Generalising results across systems and across approaches is difficult but
some trends have already emerged.  Simple systems which do simple things
are still doing really well and the more complex ones are catching up and in
some cases surpassing the simple approaches.  This result was expected
after the first TREC where simple systems did well and more complex ones
generally did not.  Term weighting has also emerged as something which
counts as especially important.  There is also a large spread of levels of
effectiveness among systems.  An irritating aspect of the way information
retrieval evaluation using the standard measures is that this does not show the
full power of the systems; to say that system retrieves 13 relevant
documents in its top 20 ranked set from a collection of 1,000,000 means
that that system really is a good computational tool to have, but recall and
precision values hide this fact.  The inclusion of recall-fallout tables
addresses this somewhat but these still belie the fact that the information
retrieval techniques available are really quite good.

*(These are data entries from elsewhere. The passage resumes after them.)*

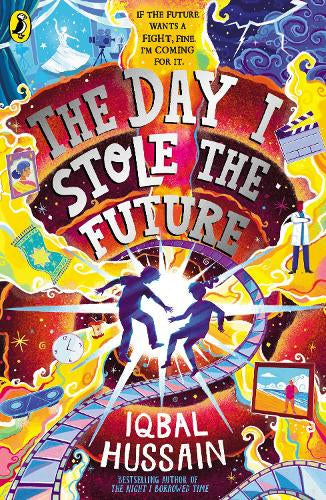 The Day I Stole the Future – Iqbal Hussain – Paperback – ISBN 9780241742648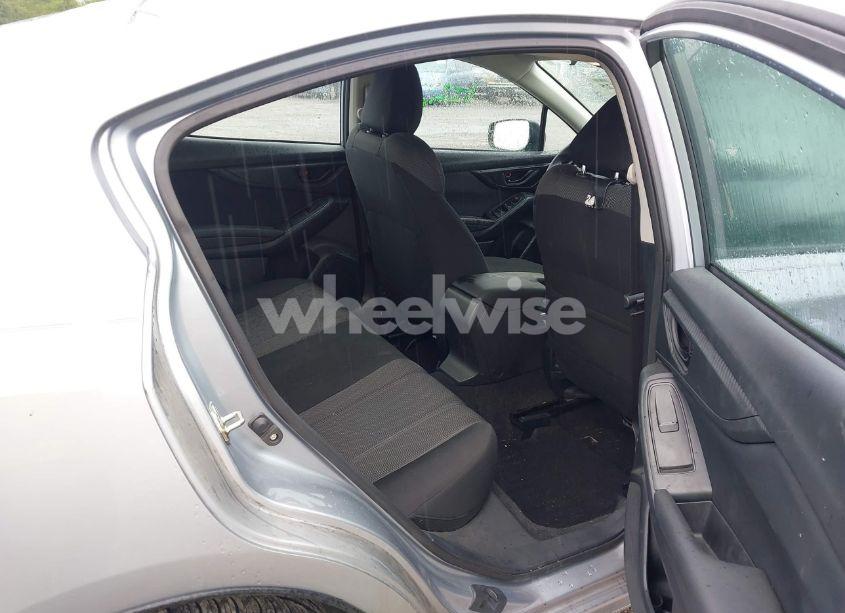 Photo 8 of 2018 Subaru Impreza 2.0I (VIN 4S3GKAA65J3622157)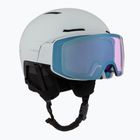 Kask narciarski Salomon Driver Prime Sigma Plus ice flow/sigma sky blue/sigma ice blue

The overall measurements in TREC-2 show an improvement in effectiveness
over the first TREC and whereas some of this is due to the fact that
ranking was done to top 1000 and not to top 200, it may also be due to
the systems being better.  This could be because systems in TREC-2 are
more fine tuned than before as most TREC-2 participants were also in
TREC-1 and they would have thus been able to anticipate, if not always
fully overcome, the engineering problems entailed when wrestling with 2 or
3 Gbytes of text and the associated indexes, etc.  TREC-2 seemed to have
less problems with engineering the volume of the data than before, probably
because most groups had been through it before.

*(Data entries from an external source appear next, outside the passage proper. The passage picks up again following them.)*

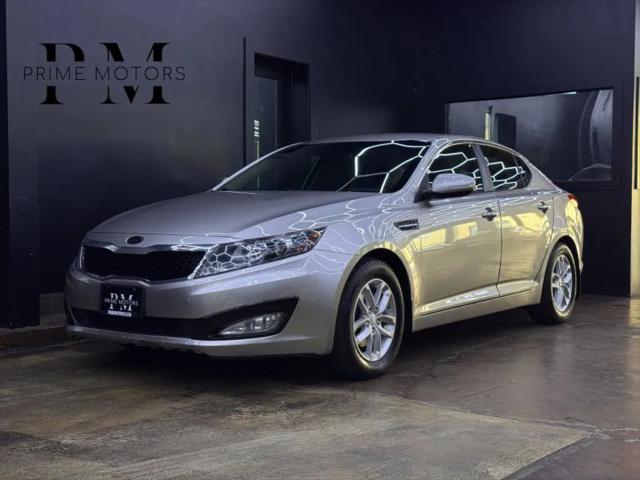 2013 Kia Optima LX for sale in Portland, OR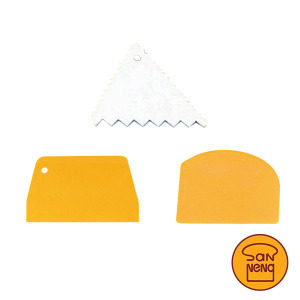 (出清不退換)三能刮板組-3片組 SN4050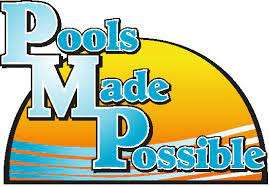 Pools Made Possible LLC Logo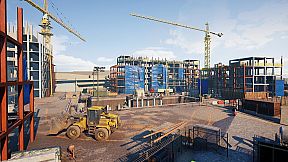 VE GSIM Tower Crane Simulator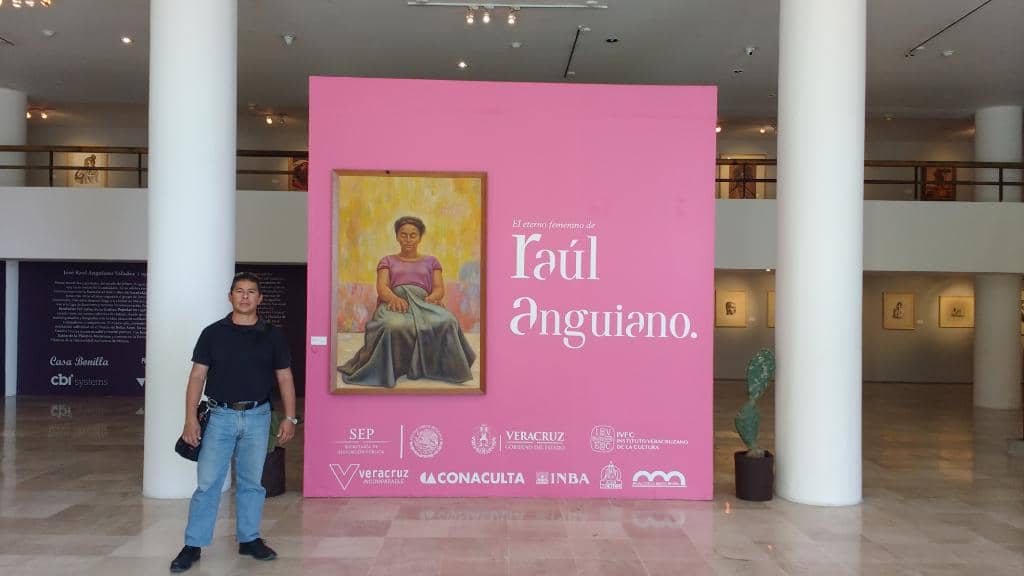 Rotating Art Exhibitions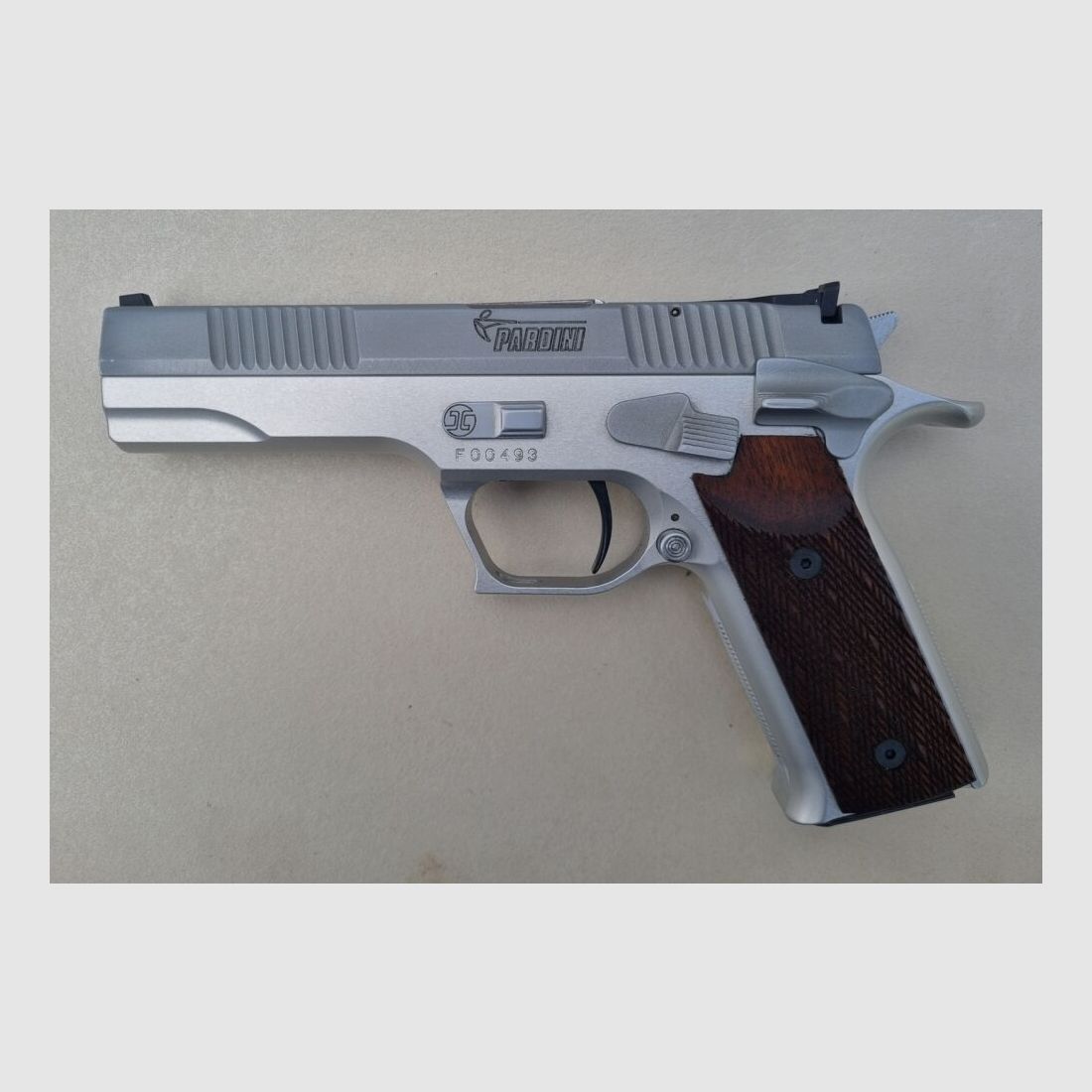 Pardini Pardini GT 9S 5`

>From the outset, efficiency issues were never foremost in TREC which is
benchmarking retrieval effectiveness and is not directly concerned with the
engineering aspects of large IR systems.  Some of the figures for indexing
and retrieval operations show a very large range of equipment and
performance times, varying from retrieval from 2 gbytes in less than 5
seconds where the entire inverted file is held in main memory, to retrieval
for a single query measured in hours of CPU and elapsed time implemented
on a PC which decompresses and scans the text as it is being read from the
CD-ROM.  The message here is that you don't need massive computing
resources to take part in TREC ... it helps and it makes things easier, but it
is not mandatory.  In fact, as described in the accompanying call for TREC-3,
there is a category of participation within TREC for computationally intensive
approaches which allows a group to use only a subset of the entire collection.

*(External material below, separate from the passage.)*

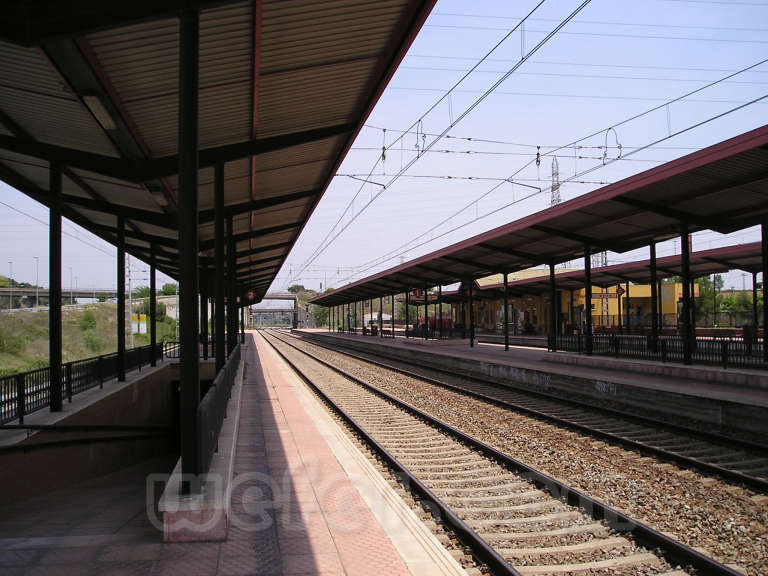 Renfe / ADIF: Cerdanyola - Universitat - 2005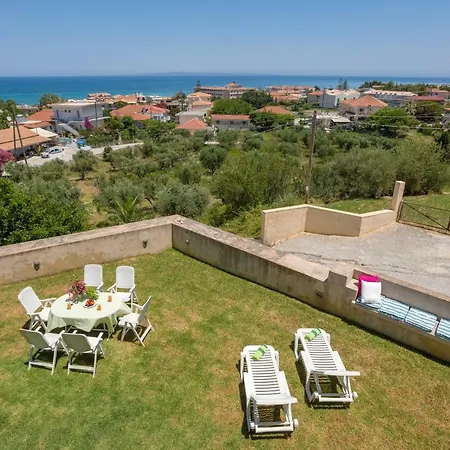 Maison d'hôtes Vallia's Seaview Complex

Finally, TREC-2 did not have as much work on sub-document retrieval as was
expected.  This may be due to the fact that relevance judgements are
dichotomous and do not indicate which PART of a document is relevant, as
in most IR test collections.  This is something which is being looked at in
the next TREC.


WIND UP

At the start of this report we cautioned about making comparisons between
systems and approaches which took part in TREC because of the number of
variables involved.  This then begs the question of why bother doing TREC
if the results of different systems cannot be compared ?  The answer lies in
the objective of the TREC initiative, which were defined by Donna Harman as

1.     to increase research in information retrieval carried out on large-
       scale test collections
2.     to provide a forum for communication among academic, industrial
       and other interested parties
3.     to foster the transfer of technology between research laboratories and
       commercial products
4.     to present a state of the art showcase of retrieval methods

Certainly the first and last of these goals have been achieved; the second
goal looks like having been accomplished and as for the third, only time
will tell.  Direct comparisons between systems and approaches taken in
TREC are extremely dodgy and only broad stroke statements about
effectiveness as made in this report, can be made.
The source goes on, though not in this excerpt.